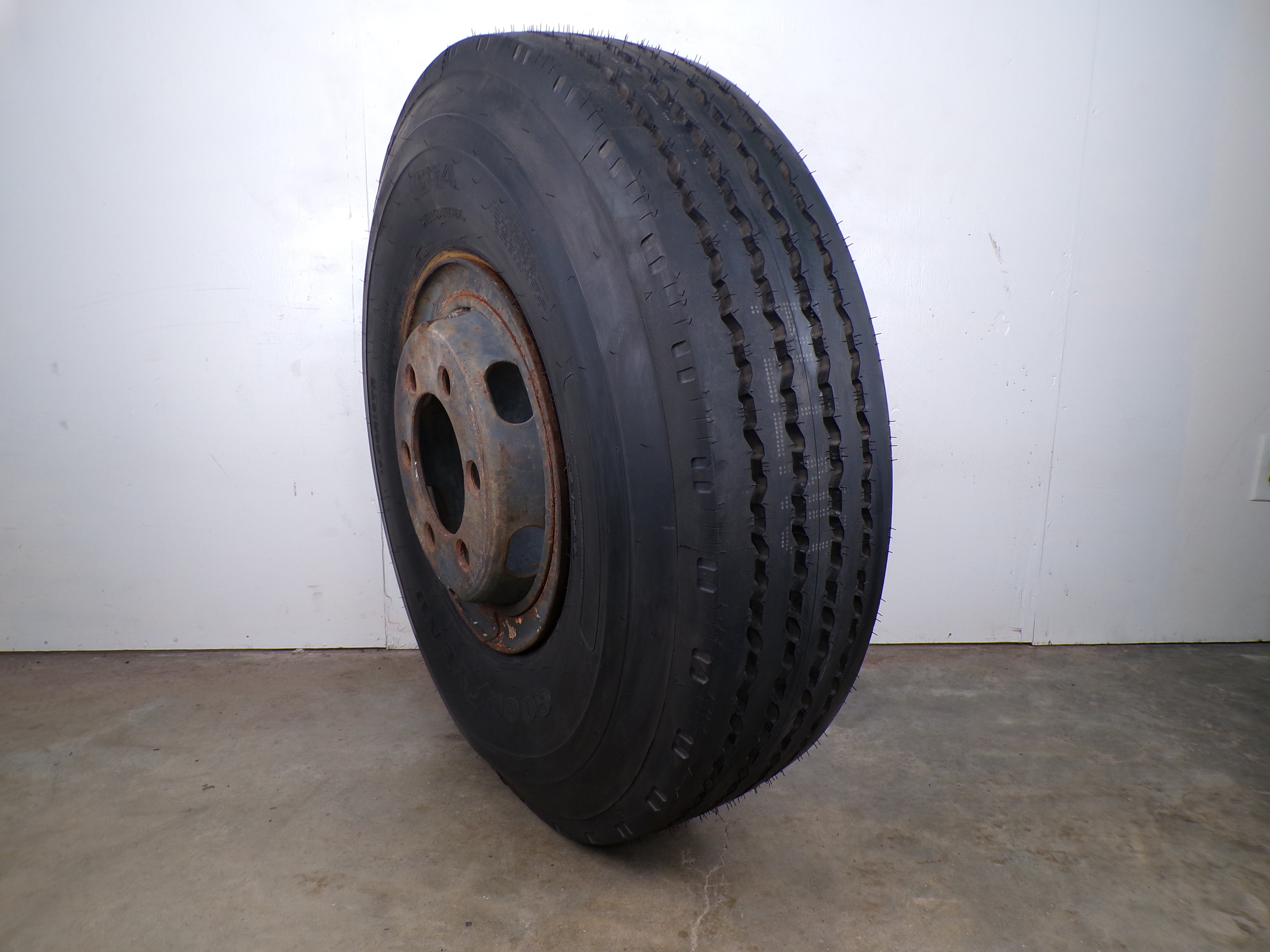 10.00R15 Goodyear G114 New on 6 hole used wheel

══════

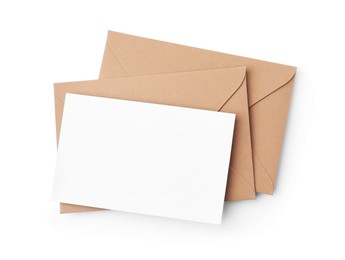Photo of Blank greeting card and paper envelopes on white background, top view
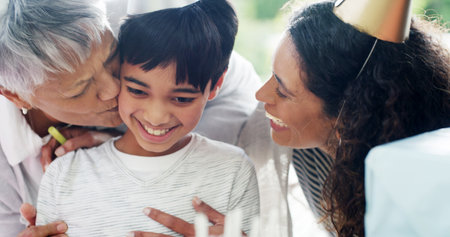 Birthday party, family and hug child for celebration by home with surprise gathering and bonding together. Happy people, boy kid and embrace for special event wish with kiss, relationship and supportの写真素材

══════

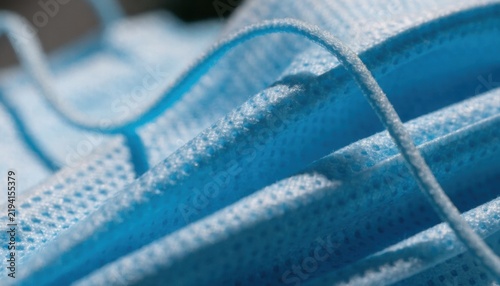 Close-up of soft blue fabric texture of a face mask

══════

EXERCISE »
Your answer must be the exact lines from the records above, from the one containing "Photo of Blank" through the one containing "Birthday party, family", both included, with every picture left out.

REPLY »
Photo of Blank greeting card and paper envelopes on white background, top view
 Birthday party, family and hug child for celebration by home with surprise gathering and bonding together. Happy people, boy kid and embrace for special event wish with kiss, relationship and supportの写真素材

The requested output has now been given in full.